Although several schools in the New Guinea Islands region and maritime provinces have had difficulty given the adverse weather, we are certain they will have started up by week’s end.
For the first time, the state is footing the bill with its tuition-free initiative.
For that, Prime Minister Peter O’Neill, Treasurer Don Polye and all members of parliament who supported the initiative deserve a pat on the back.
It is the type of policy that will reap untold benefits for the country in the years to come.
Ask the governors of Enga and Morobe who will tell you because they have been paying tuition for their students since 1997.
“Education is the key to our future and for participation by all Papua New Guineans in the modern economy,” Polye so aptly said when delivering the 2012 budget on Dec 6 last year.
He announced a funding of K649 million, in addition to K300 million set aside in the 2011 supplementary budget of Sept 21 and K47 million for education infrastructure improvements.

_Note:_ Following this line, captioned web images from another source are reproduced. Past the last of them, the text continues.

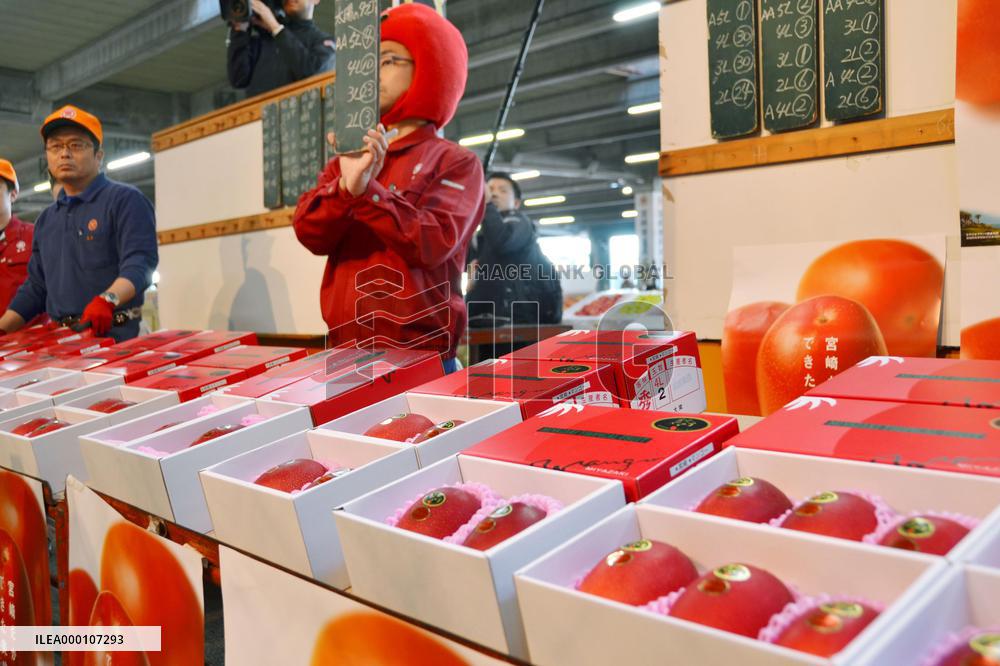 Miyazaki mangoes fetch 400,000 yen at year's 1st auction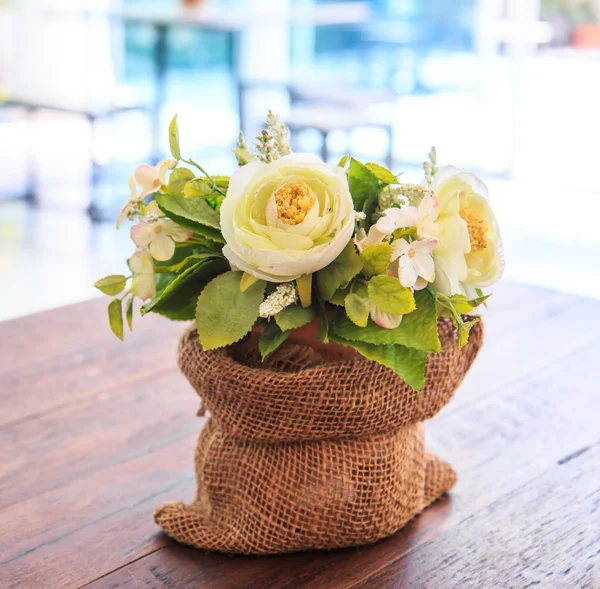 Zierblumen — Stockfoto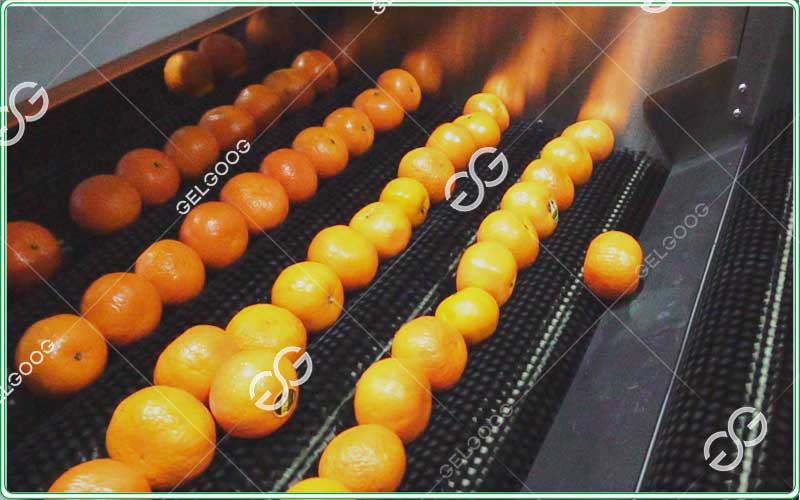 navel-orange-waxing-equipment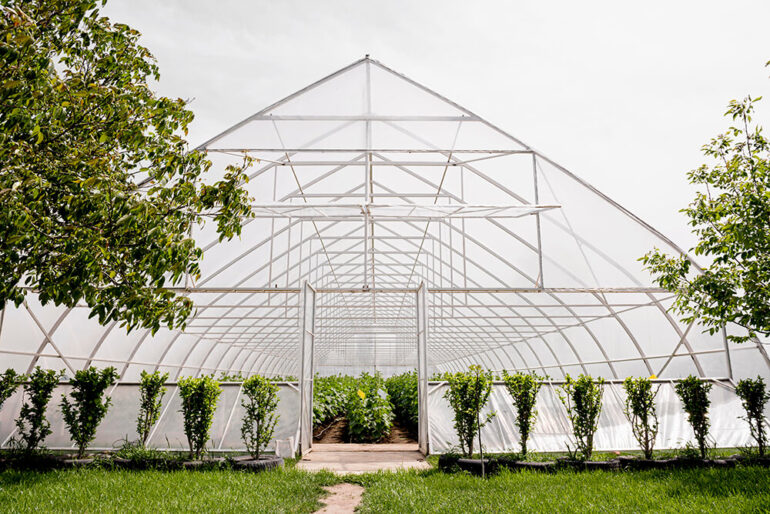 Polyhouse Complex POLYHOUSE DEVELOPMENT – Aquahyd : Setting up commercial hydroponic ...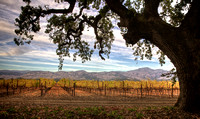 Yount Mill Tranquil Oak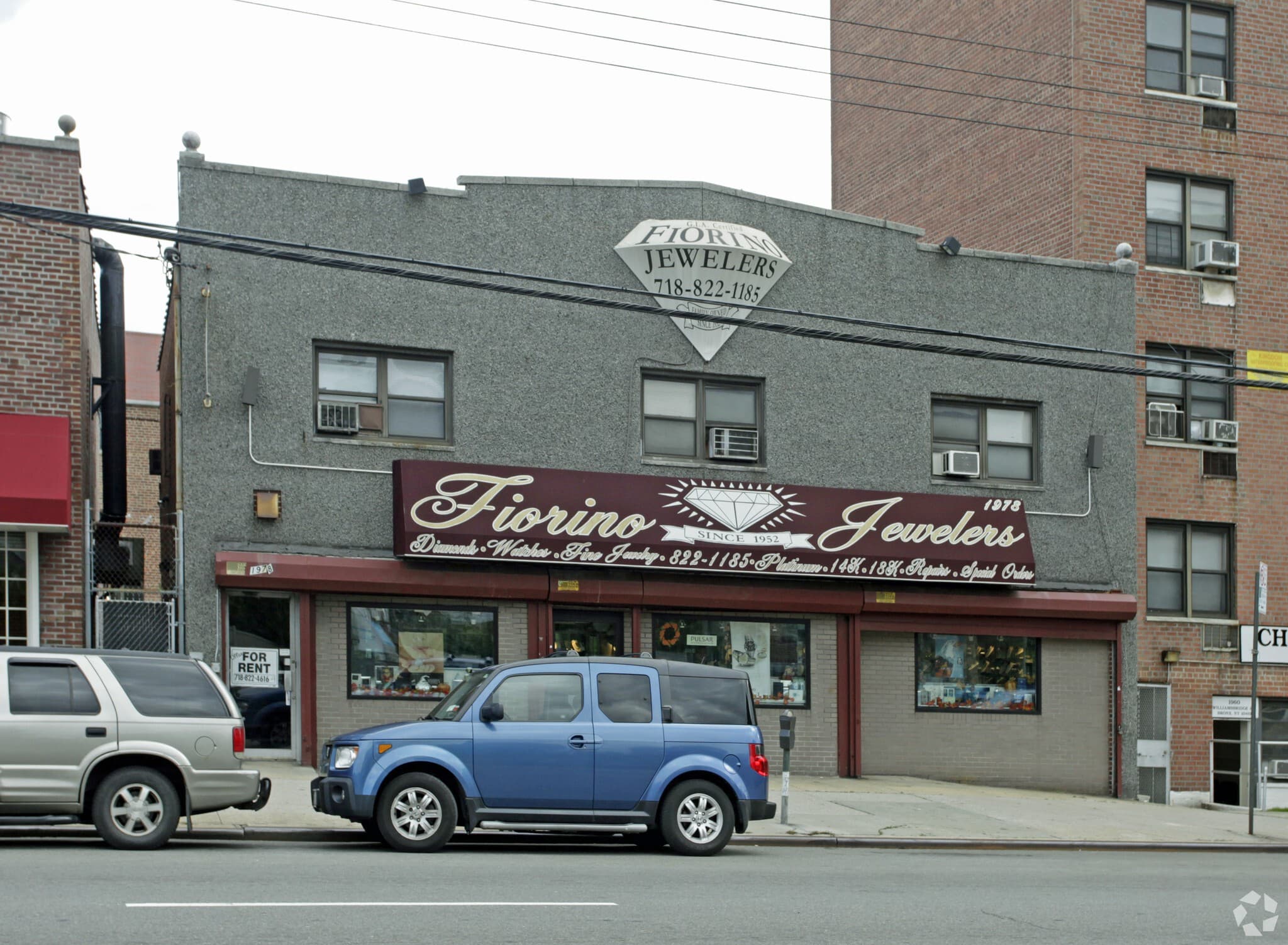 1978 Williamsbridge Rd (1st Floor) thumbnail 3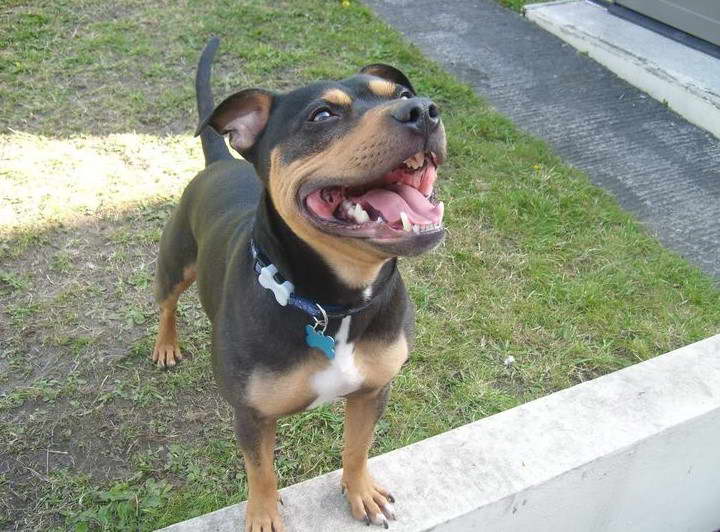 Staffordshire Terrier Rottweiler Mix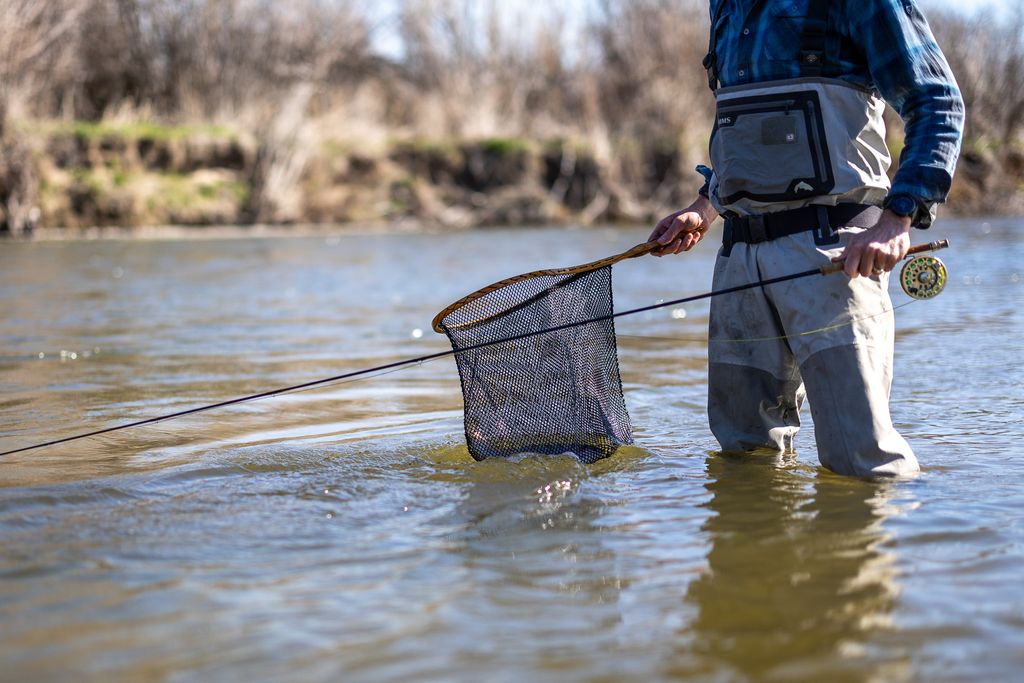 3690 Big Flat Road, Missoula, MT 59804 photo 84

He said it would fund tuition-free education up to year 10 and a 75% subsidy for years 11 and 12.
He said the government would re-introduce Natschol – national scholarship – to provide 10,000 stu-
dents with living allowances.
“This funding triggers additional support of K27 million from the Australian aid programme,” he said.
He said the 2012 budget would pay for 6,700 new teachers to work in the provinces and a K13 million increase in the basic education function grant to provinces that should support the K24.5 million for teachers colleges, technical and vocational schools.
Polye said it provided a substantial increase in recurrent funding to universities of nearly K10 million.
In addition, the development budget would support the University of PNG (K43.5 million – including the law school building and a science building), University of Technology (K8 million – including a petroleum and petrochemical engineering school), University of Natural Science and Resources (K18 million – including a library and staff housing), and University of Goroka (K12 million counterpart funding for a Chinese loan of K30 million for a dormitory extension and trade skills scholarships worth K20 million.
Polye said free education was of little value if the quality was not the best and the next challenge was to lift the standard of education across the country.
“In total, the government allocates a minimum of K1,954 million or 18.5% of the total recurrent and development budgets to education in 2012,” he said.
The government had lifted education expenditure by 30% over the 2011 budget.
This initiative had proven to have won the hearts and minds of the people.
The government has moved fast in recent weeks to ensure the initial K300 million had been forwarded to Bank South Pacific to transfer into school accounts.
When you add it up, it is a huge sum of money. K1.1 billion is more than the national budgets of many of our smaller Pacific brothers.
Now, in the interest of transparency and accountability, we need an accounting of where that initial K300 million has been spent.
Can the Education Department provide a list of all schools that have received tuition-free funding and exactly how much each school received?
School fees seem to vary from school to school and although national education board approved fees structure has been approved, we seem to think that some schools will receive more than others based on student intake and such like.
What is there to stop unscrupulous manipulation of tuition by schools boards and management if they were to supply false student intake numbers, for instance?
Can the Education Department also tell the people whether every child who turned up at a school has been accepted?
Can it please tell the people how the state intends to verify whether every school has given an accurate enrolment figure?
Let us not fool ourselves. If we can have ghost names on the common roll, it could just as easily happen here where there is a substantial sum of money at stake.
At the same time, revealing exactly what each school receive will enable parent-teacher associations to hold school managements accountable.